I confess, I wholeheartedly believe A. L. Kennedy to be one of the world’s greatest living writers, but even I wondered about a full 55 minutes with Kennedy and nothing but, er, words. Not that I don’t think she is peculiarly well qualified to talk about words, but still… Just words, A.L? No gimmicks? No fire-breathing midgets to toast marshmallows on sticks or anything? Just you and your love of words? Um, might one of those words be ego? After all, this is the Edinburgh Festival, with thousands of theatre acts and world-class comedians vying for our attention. Could you not content yourself with just talking one day at the Book Festival, like all the other authors?

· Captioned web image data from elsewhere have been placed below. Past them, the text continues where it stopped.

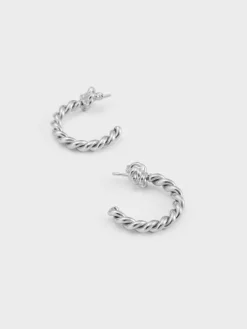 Sable Rope-Knot Hoop Earrings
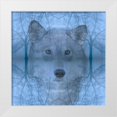 thumbnail image 1 of Jaynes Gallery 26x26 White Modern Wood Framed Museum Art Print Titled - Wolf and skeleton trees montage, 1 of 4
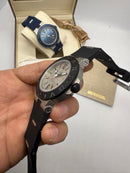 Bvlgari Alumium 41mm - Mostrador Aluminio - Pulseira Borracha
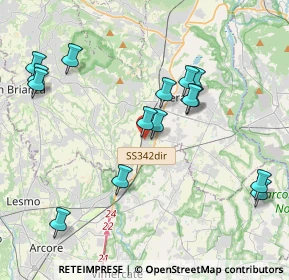 Mappa Via Giuseppe Verdi, 23875 Osnago LC, Italia (4.21)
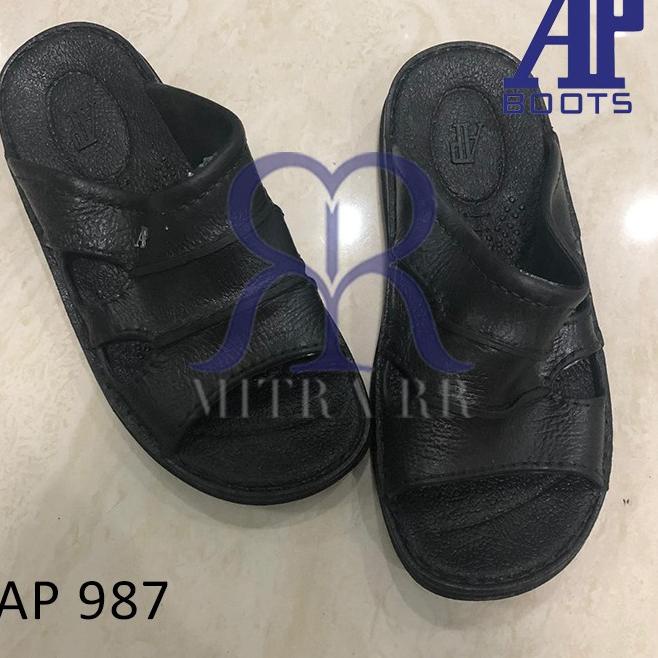 Sandal Karet AP Boots AP 987 Hitam Ap Boot Sendal Kasual Jalan ▪ Prw31au22м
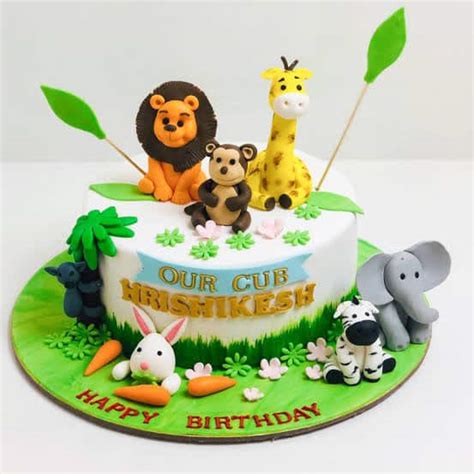 Order Jungle Theme Book Cake | FaridabadCake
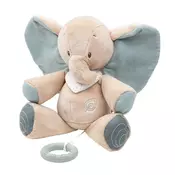 NATTOU Plišana igračka koja se igra slona Axel LA 28 cm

Aha, but you see, A.L is not ‘only’ an author. A talented stand-up comedian, she also shapes words with her voice – and her face, and the very tension in her body. Indeed, at one point she explores the physical impact words have on the body, observing that there is a Shakespeare ‘shape’ that comes of the way in which his words require you to breathe. And Kennedy has breathing down to a fine art. Every word is beautifully, considerately delivered. Hands, toes, body – all come together to express more vividly every subtlety conveyed in her words. The effect is thrilling; the gap between the physical and the verbal closes before our eyes. Long before Kennedy tells you that words can make you shine you see that luminous glow as she reaches for something that she wants, oh, and how she wants it. Her passion for words lights up the stage – although some credit does have to go to the talented lighting crew. This is a flawlessly produced show, where every element comes together seamlessly to create a true synergy.
While Kennedy had the entire room laughing – she is extremely witty, a natural comedian in both story-telling and delivery – by the end she had me in tears. Her passion for words is all the more moving because it is something anyone who has ever fallen in love with a book can recognize. If I say it was like seeing someone old say simply and truly with all the force of their soul that they have always completely and faithfully loved their partner of sixty years I might slightly convey the depth of emotion Kennedy conveyed. And who can fail to be moved by a love like that? Or fail to want to experience such a love?
Therein lies the joy of this show. Words belong to all of us. They make us what we are. Words With A. L. Kennedy should be required viewing and listening for anyone at this Festival who has had any kind of affair with words – be they writer, performer, audience.